LAS VEGAS — Saturday’s heavyweight championship fight between Deontay Wilder and Tyson Fury at MGM Grand Garden Arena broke the record for a heavyweight boxing gate in Nevada, Top Rank president Todd duBoef told ESPN.
According to duBoef, there were still “a couple more tickets” to be sold hours before Wilder and Fury were scheduled to walk to the ring, so a final gate was not yet available. However, the gate had already passed the $16,860,300 mark set by the rematch between Lennox Lewis and Evander Holyfield in 1999 at the Thomas & Mack Center.
Wilder (42-0-1, 40 KOs) and Fury (29-0-1, 20 KOs) fought to a controversial, split-decision draw in December 2018 inside Staples Center in Los Angeles. In addition to the scoring controversy, the first meeting was an instant classic. The gate for the first meeting was $3,515,122, according to the California State Athletic Commission.

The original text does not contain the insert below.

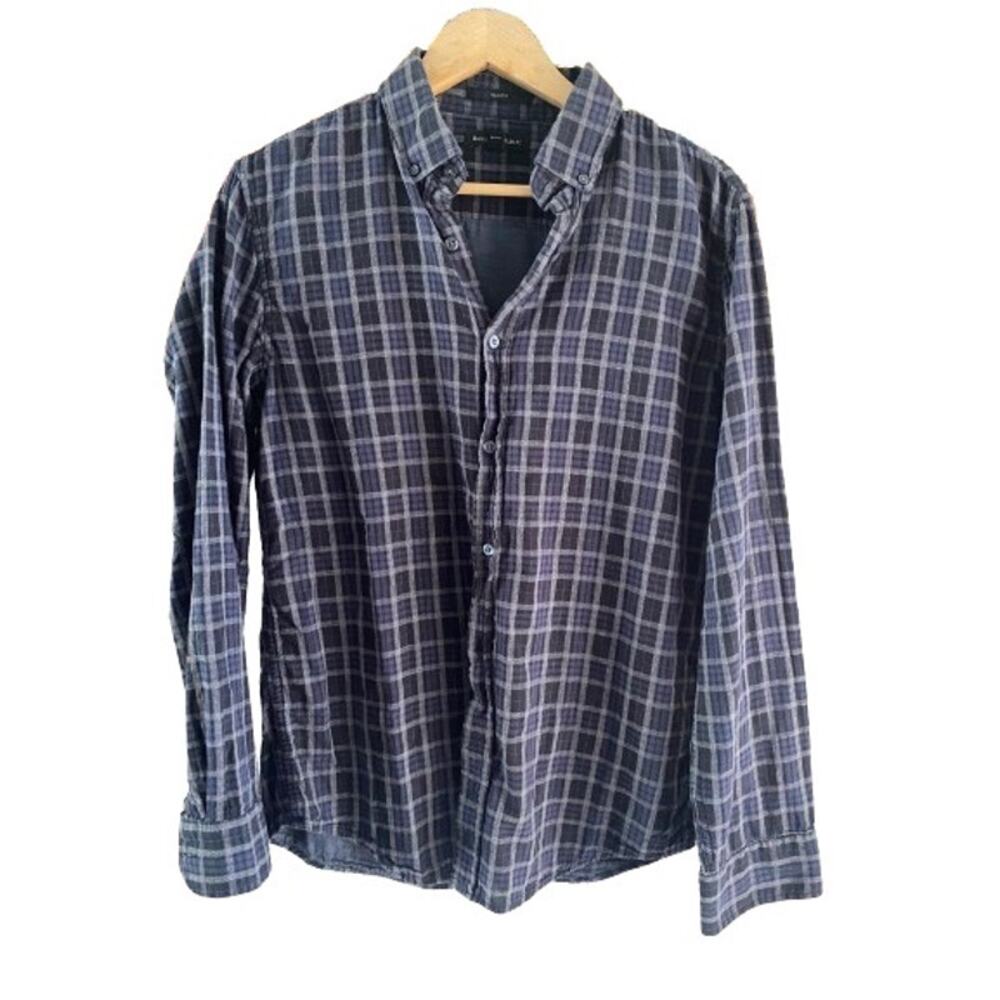 Banana‎ Republic Blue Gray Black Plaid Button Up Men’s Slim Fit Shirt Size M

Before Saturday, the Lewis-Holyfield rematch was the seventh-highest gate in Nevada boxing history, regardless of weight class. And it is the only fight in the top 10 of that category that did not take place within the past 20 years.
The 2015 fight between Floyd Mayweather and Manny Pacquiao pulled in the largest gate in Nevada boxing history, at $72.2 million.